Server and PC chips have relatively unlimited power consumption and heat dissipation capabilities, making an SMP architecture tolerable. In these applications, it is often easier to add more cores of the same type, connect them using cache coherency, and reuse the legacy software to run on top. Comparatively little attention has been paid to heat dissipation and power consumption.
But PCs are becoming smaller and mobile. And server farms are eyeing power consumption as well, forcing designers to reconsider SMP architectures. For example, for server farms that power the likes of Google and Facebook, power consumption and heat dissipation have become huge cost and environmental issues. And in the PC space, we have run into a “gigahertz wall” where the only way to have a step function increase in performance is to have different cores optimized for different workload types.
AMP architectures struggle to break into PC/server applications
Why don’t AMP architectures dominate PC and server applications? Because it’s hard to implement!
In mobile designs, each heterogeneous processing core, whether graphics, audio, DSP, etc., typically has a custom firmware and software stack associated with it. This software must be integrated to communicate with the CPU cores’ operating system, requiring coding work in the OS hardware abstraction layer and drivers. In addition, these heterogeneous cores do not have a single view of system memory, so complicated synchronization schemes are usually implemented in hardware and software. Context switching and preemption are difficult to implement. Adding to the challenge, each of these cores requires an expert programmer, conversant in a particular core’s instruction set and tool chains, to code it.
These barriers have forced AMP to remain in the mobile and consumer electronics realm, which is closed to low-level, close-to-the-hardware software developers. Alternatively, SMP has flourished in the wide-open world of PCs and servers, aided by the ease of programming.
Heterogeneous system architectures (HSA) can span the chasm between mobile/ consumer applications and PC/ server applications, easing the design burden while delivering performance, scalability, improved heat dissipation and reduced power consumption.

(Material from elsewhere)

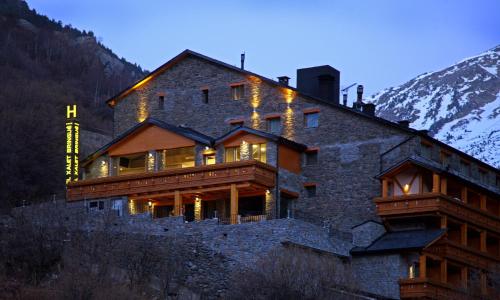 Hotel & Spa Xalet Bringué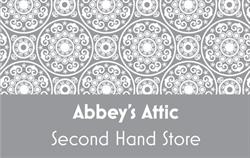 Abbey’s Attic Second Hand Store, opening hours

Recently, a number of companies, including AMD, ARM, Imagination, MediaTek, Qualcomm, Samsung and Texas Instruments, founded the HSA Foundation. HSA defines interfaces for parallel computation utilizing CPU, GPU, and other programmable and fixed-function devices, and support for a diverse set of high-level programming languages, thereby creating the next foundation in general-purpose computing.
Its goals are to:
The HSA approach requires a technical framework and architecture
There are several issues that must be addressed to successfully bring these two worlds together:
HSA Foundation provides key tools for unlocking heterogeneous programming
Today, CPUs and GPUs do not share a common view of system memory, requiring an application to explicitly copy data between the two devices. In addition, an application running on the CPU that wants to add work to the GPU’s queue must execute system calls that communicate through the CPU operating system’s device driver stack, and then communicate with a separate scheduler that manages the GPU’s work. This adds significant run-time latency, in addition to being very difficult to program.
HSA addresses the need for easy software programming of GPUs to take advantage of their unique capability to crunch parallel workloads much more efficiently than x86 or ARM CPUs.
HSA solution stack: Abstracting away hardware specifics
To enable easier programming, HSA allows developers to program at a higher abstraction level using mainstream programming languages and additional libraries. This HSA solution stack includes several components.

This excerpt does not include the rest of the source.